Dataset entries
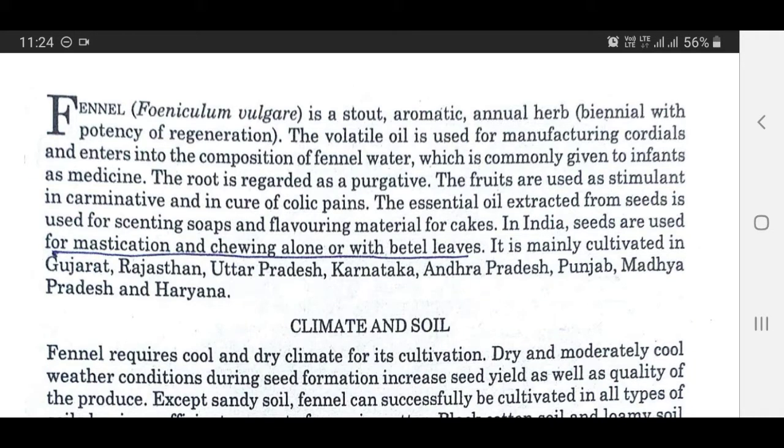Good morning everyone. Today's lecture is on cultivation of fennel.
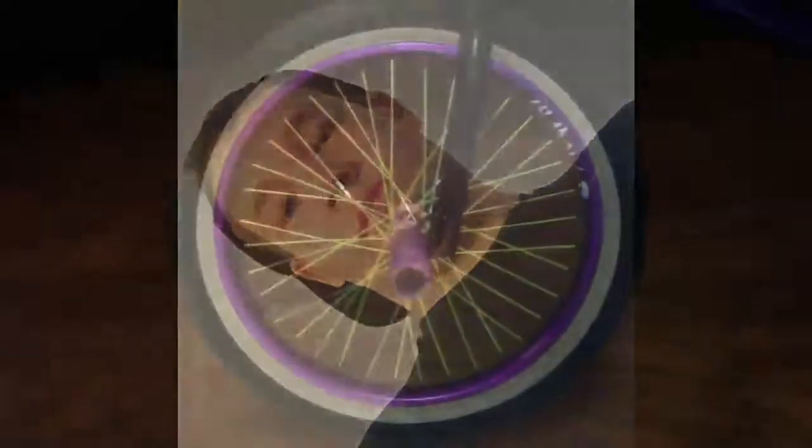Hey, it's Steven Huth. Today I was apparently sick, so I stayed home from school and I'm bored out of my mind, so I'm going to do a bike check for you guys. Here it is.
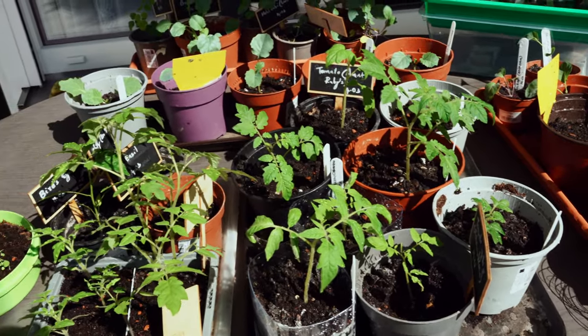Don't forget to harden off the seedlings when it's sunny outside for a few hours. Let me know if you need a video on how to do that. I'd love to know what you have sown this month — let me know in the comments below. Hope you enjoyed this video — see you in the next one, bye and take care!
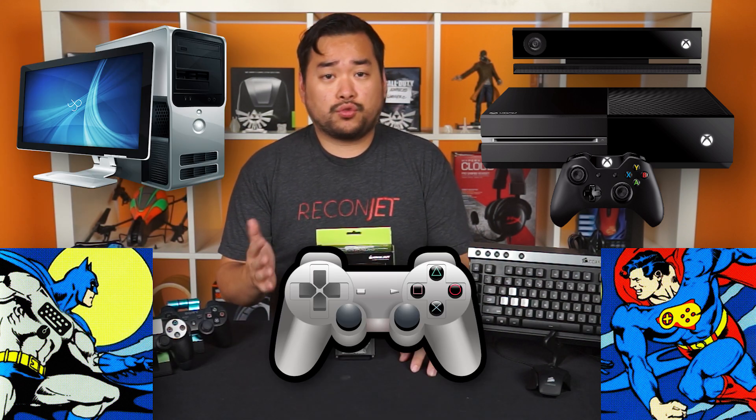Personally, I think one of the biggest reasons why the gaming community is so divided between consoles versus PC is because of the controller. Some people say PCs are superior simply because of the keyboard and mouse. So, what if there was something to bring the keyboard and mouse to consoles? Would that ease the tension in the gaming world? Let's see what the Keymander can do.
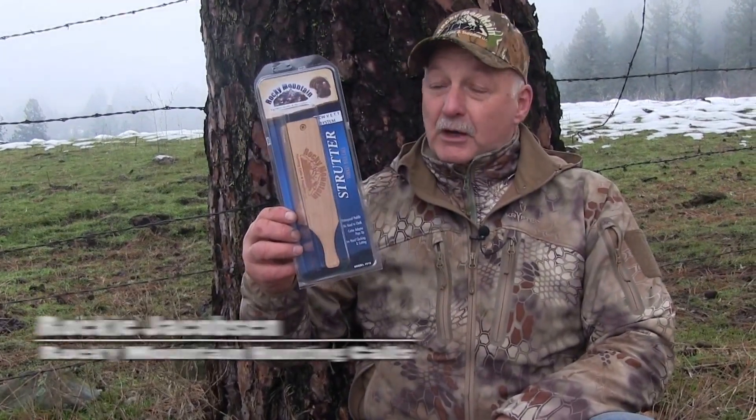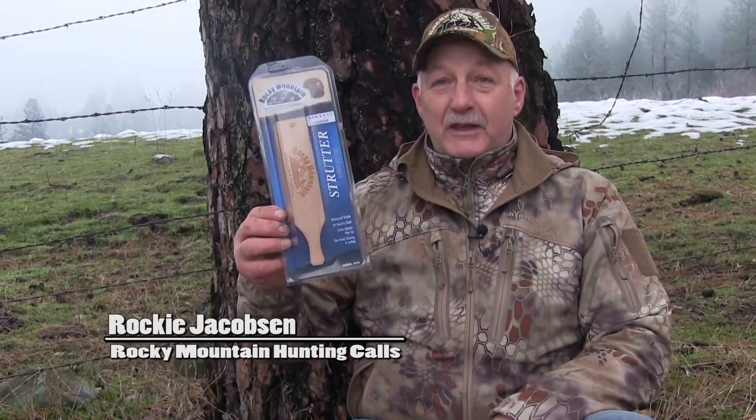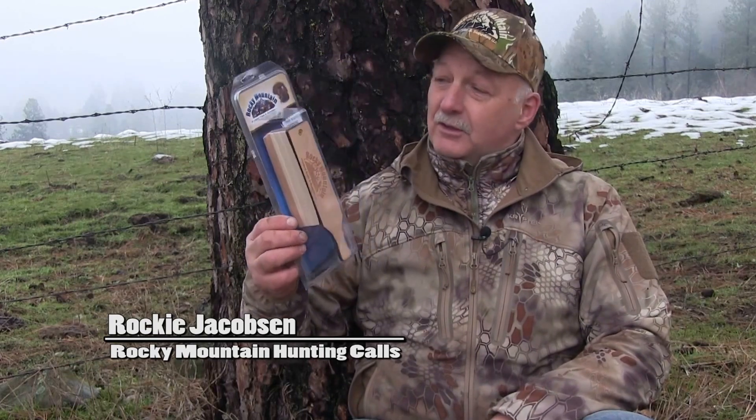Our turkey strutter call has always been a great box call, but it has now taken on the new VET technology — Volume Enhanced Tone technology.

The task - Return each line above exactly; any pictures are to be skipped.

Expected answer -
Good morning everyone. Today's lecture is on cultivation of fennel.
Hey, it's Steven Huth. Today I was apparently sick, so I stayed home from school and I'm bored out of my mind, so I'm going to do a bike check for you guys. Here it is.
Don't forget to harden off the seedlings when it's sunny outside for a few hours. Let me know if you need a video on how to do that. I'd love to know what you have sown this month — let me know in the comments below. Hope you enjoyed this video — see you in the next one, bye and take care!
Personally, I think one of the biggest reasons why the gaming community is so divided between consoles versus PC is because of the controller. Some people say PCs are superior simply because of the keyboard and mouse. So, what if there was something to bring the keyboard and mouse to consoles? Would that ease the tension in the gaming world? Let's see what the Keymander can do.
Our turkey strutter call has always been a great box call, but it has now taken on the new VET technology — Volume Enhanced Tone technology.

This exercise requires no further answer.